Biden admin threatens to pull Oklahoma hospital accreditation unless they extinguish candle in chapel

Saint Francis Hospital South in Oklahoma is a Catholic health system.

Roberto Wakerell-Cruz Montreal QC
The Biden administration has threatened to revoke the accreditation of Saint Francis Hospital South in Oklahoma, a Catholic health system that serves Medicare and Medicaid patients, due to the hospital's eternally lit candle in its chapel, which is considered a religious symbol, OCPA reports.

Lori Windham, vice resident and senior counsel at the Becket Fund for Religious Liberty, stated that the US Department of Health and Human Services' threat violates both federal law and the First Amendment. 

The Becket Fund for Religious Liberty has a history of suing government entities for violating citizens' religious freedoms and called this case "one of the most egregious violations we have ever seen."

Windham's letter to Xavier Becerra, the Secretary of the US Department of Health and Human Services, explicitly warned that they would lose in court if they proceed.

The Saint Francis candle, which has been burning uninterrupted since the hospital's opening in 1960, was recently declared a fire hazard by a federal surveyor during an inspection, Windham said.
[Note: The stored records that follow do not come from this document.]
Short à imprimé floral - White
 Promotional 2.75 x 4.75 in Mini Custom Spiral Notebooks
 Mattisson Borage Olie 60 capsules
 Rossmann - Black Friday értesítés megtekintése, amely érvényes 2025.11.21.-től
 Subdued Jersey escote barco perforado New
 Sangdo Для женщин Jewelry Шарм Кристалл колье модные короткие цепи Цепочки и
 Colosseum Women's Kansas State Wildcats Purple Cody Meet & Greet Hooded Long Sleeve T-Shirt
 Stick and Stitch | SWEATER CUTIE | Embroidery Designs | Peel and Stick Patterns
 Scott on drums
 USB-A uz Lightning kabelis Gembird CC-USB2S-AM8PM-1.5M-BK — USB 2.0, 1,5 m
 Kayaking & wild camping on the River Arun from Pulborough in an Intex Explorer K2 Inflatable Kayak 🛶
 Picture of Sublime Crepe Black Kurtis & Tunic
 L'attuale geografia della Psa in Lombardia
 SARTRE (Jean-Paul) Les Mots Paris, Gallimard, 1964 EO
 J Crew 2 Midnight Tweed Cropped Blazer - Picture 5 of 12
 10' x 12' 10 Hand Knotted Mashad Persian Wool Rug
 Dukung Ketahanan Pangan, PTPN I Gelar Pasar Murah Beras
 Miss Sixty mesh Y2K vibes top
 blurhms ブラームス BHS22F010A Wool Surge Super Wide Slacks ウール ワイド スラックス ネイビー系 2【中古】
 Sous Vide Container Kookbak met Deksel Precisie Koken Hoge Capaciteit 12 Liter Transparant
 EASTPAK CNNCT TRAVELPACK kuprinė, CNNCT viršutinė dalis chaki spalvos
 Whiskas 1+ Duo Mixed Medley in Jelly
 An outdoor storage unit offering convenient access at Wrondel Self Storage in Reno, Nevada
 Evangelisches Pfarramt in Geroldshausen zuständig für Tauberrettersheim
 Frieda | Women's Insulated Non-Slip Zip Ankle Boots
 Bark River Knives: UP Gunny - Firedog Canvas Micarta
The surveyor specifically asked to see the chapel to determine if there was a living flame, and ultimately issued a citation demanding that the candle be snuffed out, she added. 

Windham noted that the candle is encased in two glass globes, with a bronze top that fits over the second globe and rests in a bronze holder affixed to the chapel's wall. Sprinkler heads also surround the candle, so the citation is inconsistent with the applicable fire safety rules, which Saint Francis complies with, according to Windham.
SB 404, recently signed into law by Oklahoma Governor Kevin Stitt, strengthens state law to protect religious entities from being targeted by state or local governments. 

While this law will not affect federal entities, it restricts state and local governments in Oklahoma. The bill passed the Oklahoma Senate with a 38-7 vote and passed the Oklahoma House of Representatives with a 64-27 vote. Democratic lawmakers have criticized the bill's passage, claiming that it restricts the religious freedom of Oklahomans.